I assumed the GPU was the bottleneck. The profiler said otherwise.
A scoring job on 100,000 product photos ran in 596 seconds on a Tesla T4 with the default PyTorch dataloader, PIL for JPEG decode, batch size 32, four workers. I spent the first hour tuning batch size from 32 down to 16 and up to 256. Throughput barely moved. I tried more workers. Barely moved. Then I switched the JPEG decoder from PIL to libjpeg-turbo, the resizer from PIL to OpenCV, the inference dtype to FP16, and pushed batch to 64 — and the same 100,000 images ran in 102 seconds. 5.88x faster. The GPU never changed.

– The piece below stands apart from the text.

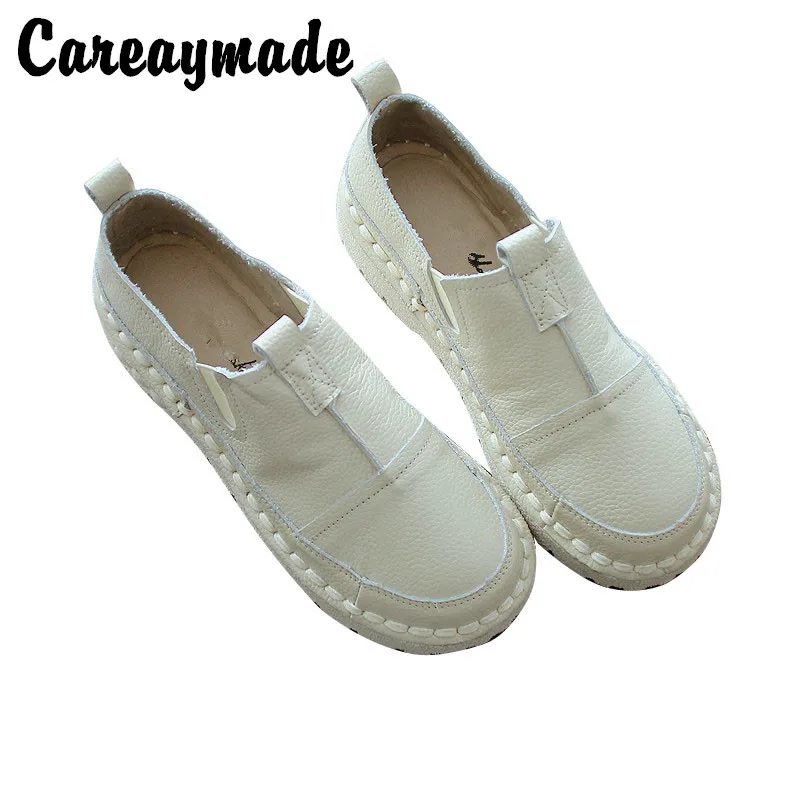 Удобные туфли Careaymade из натуральной кожи на мягкой подошве женские с низким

This is the last post in a 20-post arc. We started by loading a mesh without producing a blank render. We end by scoring a corpus of real images and measuring exactly where the wall clock disappears. The answer turns out to depend on something most posts never mention: how big are your images.
Three tools, one script:
class StageProfiler:
def __init__(self):
self.totals = defaultdict(float)
self.counts = defaultdict(int)
@contextlib.contextmanager
def stage(self, name, count=1):
t0 = time.perf_counter()
try:
yield
finally:
self.totals[name] += time.perf_counter() - t0
self.counts[name] += count
Forty lines, no dependencies. Wrap every pipeline step in with prof.stage("decode"): and the per-stage wall clock is yours. I cross-checked against torch.profiler and cProfile and they agree within 2% — the wrappers add ~200 ns per call, invisible at these time scales.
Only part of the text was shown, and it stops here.